Input data:

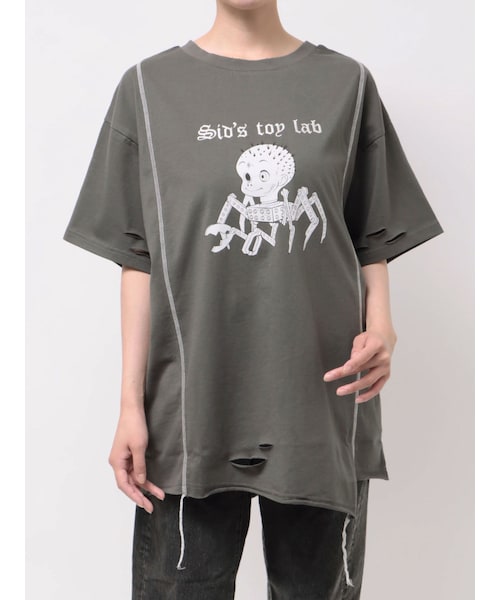 jouetie(ジュエティ)の「【Toy Story】ダメージTシャツ(Tシャツ/カットソー・レディース・オフホワイト/ブラック/ブルー・F)」の2枚目の写真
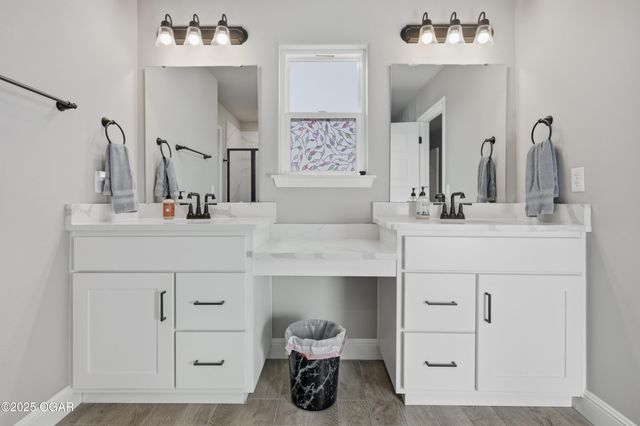 205 Molly Dean Drive, Duenweg, MO 64841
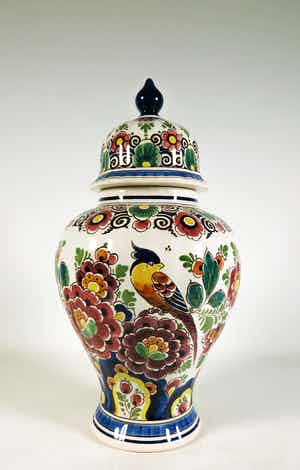 Keramiekfabriek Velsen - Keramiek, Polychroom handbeschilderde dekselvaas verkocht voor € 40!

Description of the task: Would you retype every line shown above exactly, leaving the pictures aside?

Output for this exercise:
 jouetie(ジュエティ)の「【Toy Story】ダメージTシャツ(Tシャツ/カットソー・レディース・オフホワイト/ブラック/ブルー・F)」の2枚目の写真
 205 Molly Dean Drive, Duenweg, MO 64841
 Keramiekfabriek Velsen - Keramiek, Polychroom handbeschilderde dekselvaas verkocht voor € 40!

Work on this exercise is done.